> _Goal of the exercise_
Output only the lines of the entries that follow, starting at the one with "Foto Reza Rahadian" and running down to the one with "Junia Hand-Knotted Wool Rug", both included and unchanged.

Short web captions:
---+---

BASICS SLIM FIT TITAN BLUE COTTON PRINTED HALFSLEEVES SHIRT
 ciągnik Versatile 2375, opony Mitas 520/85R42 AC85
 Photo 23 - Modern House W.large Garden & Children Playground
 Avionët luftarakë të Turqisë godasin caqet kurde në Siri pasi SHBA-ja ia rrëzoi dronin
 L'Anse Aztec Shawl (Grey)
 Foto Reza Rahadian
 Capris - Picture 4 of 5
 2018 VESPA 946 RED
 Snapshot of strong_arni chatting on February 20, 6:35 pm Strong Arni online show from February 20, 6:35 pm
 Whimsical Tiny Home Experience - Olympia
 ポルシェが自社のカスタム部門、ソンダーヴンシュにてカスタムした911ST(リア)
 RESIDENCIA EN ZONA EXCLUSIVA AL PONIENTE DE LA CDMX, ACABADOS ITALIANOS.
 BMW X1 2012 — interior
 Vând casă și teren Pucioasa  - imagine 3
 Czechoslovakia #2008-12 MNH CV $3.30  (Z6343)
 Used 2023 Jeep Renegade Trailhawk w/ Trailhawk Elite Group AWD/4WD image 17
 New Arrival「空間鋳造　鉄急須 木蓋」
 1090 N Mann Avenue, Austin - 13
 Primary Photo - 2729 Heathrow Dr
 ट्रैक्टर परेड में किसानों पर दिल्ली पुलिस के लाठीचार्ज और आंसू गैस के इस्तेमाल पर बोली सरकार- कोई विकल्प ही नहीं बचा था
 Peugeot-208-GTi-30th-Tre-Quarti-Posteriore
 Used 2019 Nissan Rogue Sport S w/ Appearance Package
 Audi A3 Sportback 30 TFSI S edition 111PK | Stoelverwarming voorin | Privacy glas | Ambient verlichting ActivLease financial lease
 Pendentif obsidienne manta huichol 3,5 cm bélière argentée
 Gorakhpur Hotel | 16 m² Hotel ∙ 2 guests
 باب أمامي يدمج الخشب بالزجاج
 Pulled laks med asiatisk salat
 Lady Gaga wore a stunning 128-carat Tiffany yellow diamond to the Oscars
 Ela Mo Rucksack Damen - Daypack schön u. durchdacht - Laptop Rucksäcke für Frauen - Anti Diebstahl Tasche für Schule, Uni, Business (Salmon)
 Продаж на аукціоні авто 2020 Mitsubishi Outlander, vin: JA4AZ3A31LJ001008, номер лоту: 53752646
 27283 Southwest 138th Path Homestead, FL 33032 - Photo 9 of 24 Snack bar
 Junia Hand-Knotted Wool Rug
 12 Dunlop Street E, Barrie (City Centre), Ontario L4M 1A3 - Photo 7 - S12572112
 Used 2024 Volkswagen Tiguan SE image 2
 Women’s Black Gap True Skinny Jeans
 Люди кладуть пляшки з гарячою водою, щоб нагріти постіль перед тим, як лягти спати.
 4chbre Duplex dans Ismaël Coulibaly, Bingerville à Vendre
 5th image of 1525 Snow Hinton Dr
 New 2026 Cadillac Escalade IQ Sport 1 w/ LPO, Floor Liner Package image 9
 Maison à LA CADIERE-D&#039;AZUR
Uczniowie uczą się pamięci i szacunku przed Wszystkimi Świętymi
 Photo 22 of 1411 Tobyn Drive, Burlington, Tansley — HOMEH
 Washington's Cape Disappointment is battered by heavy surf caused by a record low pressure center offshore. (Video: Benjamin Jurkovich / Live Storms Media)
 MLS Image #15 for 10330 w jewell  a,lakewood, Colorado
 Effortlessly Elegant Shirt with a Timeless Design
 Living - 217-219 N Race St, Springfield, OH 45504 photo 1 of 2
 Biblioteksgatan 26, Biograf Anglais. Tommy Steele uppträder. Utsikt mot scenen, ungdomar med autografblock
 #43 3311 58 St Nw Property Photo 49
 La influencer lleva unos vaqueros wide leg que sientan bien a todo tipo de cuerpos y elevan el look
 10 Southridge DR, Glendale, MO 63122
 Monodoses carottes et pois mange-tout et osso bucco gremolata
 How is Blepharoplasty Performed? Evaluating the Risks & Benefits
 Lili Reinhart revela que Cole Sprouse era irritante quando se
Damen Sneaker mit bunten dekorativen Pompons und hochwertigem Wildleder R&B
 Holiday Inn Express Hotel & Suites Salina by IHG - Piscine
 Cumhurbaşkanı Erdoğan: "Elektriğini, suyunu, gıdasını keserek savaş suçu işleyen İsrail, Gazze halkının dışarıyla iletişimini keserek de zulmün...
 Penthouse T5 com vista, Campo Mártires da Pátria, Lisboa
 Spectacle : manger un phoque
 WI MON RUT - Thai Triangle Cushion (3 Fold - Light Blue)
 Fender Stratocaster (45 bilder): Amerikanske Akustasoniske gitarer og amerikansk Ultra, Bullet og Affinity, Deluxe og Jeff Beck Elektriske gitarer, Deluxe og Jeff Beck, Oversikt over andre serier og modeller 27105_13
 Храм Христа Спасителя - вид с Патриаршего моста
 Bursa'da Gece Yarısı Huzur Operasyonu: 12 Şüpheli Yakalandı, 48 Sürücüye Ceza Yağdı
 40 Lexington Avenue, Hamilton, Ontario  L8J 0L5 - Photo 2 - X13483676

---+---

> _The completed task_
 Foto Reza Rahadian
 Capris - Picture 4 of 5
 2018 VESPA 946 RED
 Snapshot of strong_arni chatting on February 20, 6:35 pm Strong Arni online show from February 20, 6:35 pm
 Whimsical Tiny Home Experience - Olympia
 ポルシェが自社のカスタム部門、ソンダーヴンシュにてカスタムした911ST(リア)
 RESIDENCIA EN ZONA EXCLUSIVA AL PONIENTE DE LA CDMX, ACABADOS ITALIANOS.
 BMW X1 2012 — interior
 Vând casă și teren Pucioasa  - imagine 3
 Czechoslovakia #2008-12 MNH CV $3.30  (Z6343)
 Used 2023 Jeep Renegade Trailhawk w/ Trailhawk Elite Group AWD/4WD image 17
 New Arrival「空間鋳造　鉄急須 木蓋」
 1090 N Mann Avenue, Austin - 13
 Primary Photo - 2729 Heathrow Dr
 ट्रैक्टर परेड में किसानों पर दिल्ली पुलिस के लाठीचार्ज और आंसू गैस के इस्तेमाल पर बोली सरकार- कोई विकल्प ही नहीं बचा था
 Peugeot-208-GTi-30th-Tre-Quarti-Posteriore
 Used 2019 Nissan Rogue Sport S w/ Appearance Package
 Audi A3 Sportback 30 TFSI S edition 111PK | Stoelverwarming voorin | Privacy glas | Ambient verlichting ActivLease financial lease
 Pendentif obsidienne manta huichol 3,5 cm bélière argentée
 Gorakhpur Hotel | 16 m² Hotel ∙ 2 guests
 باب أمامي يدمج الخشب بالزجاج
 Pulled laks med asiatisk salat
 Lady Gaga wore a stunning 128-carat Tiffany yellow diamond to the Oscars
 Ela Mo Rucksack Damen - Daypack schön u. durchdacht - Laptop Rucksäcke für Frauen - Anti Diebstahl Tasche für Schule, Uni, Business (Salmon)
 Продаж на аукціоні авто 2020 Mitsubishi Outlander, vin: JA4AZ3A31LJ001008, номер лоту: 53752646
 27283 Southwest 138th Path Homestead, FL 33032 - Photo 9 of 24 Snack bar
 Junia Hand-Knotted Wool Rug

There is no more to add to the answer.